Der erste Gegenstand, der ihm in die Augen fiel, war die anmuthige Gestalt, welche wie ein Schutzengel an dem Lager erschienen war. Er erkannte sie sogleich, denn er hatte sie oder ihre Schwester sehr oft schon in den Hütten kranker Landleute angetroffen.
»Kommen Sie, Doctor,« sagte sie, »kommen Sie geschwind! Der arme Tinguy phantasiert.«
Der Doctor trat näher.
»Beruhigt Euch, Freund,« sagte er, die Hand des Kranken fassend.
»Laßt mich!« sagte Tinguy unruhig »Laßt mich – ich muß aufstehen – man erwartet mich in Montaigu.«
»Nein, lieber Tinguy,« sagte Bertha, »man erwartet Euch noch nicht.«
»Ja wohl, Fräulein, diese Nacht wird man mich suchen —«
Schweigt, Tinguy,« mahnte Bertha, »bedenket, daß – Ihr trank seyd, und daß der Doctor Roger hier ist.«
»Der Doktor Roger gehört zu uns, wir können in seiner Gegenwart Alles sagen. Er weiß, daß man mich erwartet, daß ich aufstehen und nach Montaigu gehen muß.«
Der Doctor und das Fräulein wechselten einen Blick.
»Massa,« sagte der Doktor.
»Marseille,« antwortete Bertha.
Beide reichten einander die Hand.
Bertha wandte sich wieder zu dem Kranken.

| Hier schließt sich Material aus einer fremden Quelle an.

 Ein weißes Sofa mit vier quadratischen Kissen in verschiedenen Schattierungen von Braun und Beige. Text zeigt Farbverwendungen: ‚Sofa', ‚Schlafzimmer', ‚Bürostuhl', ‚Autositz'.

»Ja, es ist wahr,« sagte sie, sich zu ihm neigend, »aber es ist Einer hier, der nicht zu uns gehört —« sie sprach noch leiser, so daß Tinguy allein sie verstehen konnte, »und dieser Eine ist der junge Baron de La Logerie.«
»Ja, es ist wahr,« sagte der Kranke, »er gehört nicht zu uns. Aber sagen Sie ihm nichts. Courtin ist ein Verräther. Aber wer soll denn nach Montaigu gehen, wenn ich nicht gehe?«
»Jean Oullier soll gehen. Seyd nur ruhig, Tinguy.«
»O, wenn Jean Oullier geht,« versetzte Tinguy, »so kann ich zu Hause bleiben. Er ist flink auf den Füßen und trifft gut —«
Er lachte laut auf, aber seine Kräfte schienen erschöpft, und er sank auf sein Bett zurück.
Der junge Baron hatte dieses Gespräch belauscht, aber nur einige ihm nicht verständliche Worte davon erhascht. Er hatte nur verstanden: »Courtin ist ein Verräther,« und aus einem Seitenblicke des Fräuleins hatte er geschlossen, daß von ihm die Rede war.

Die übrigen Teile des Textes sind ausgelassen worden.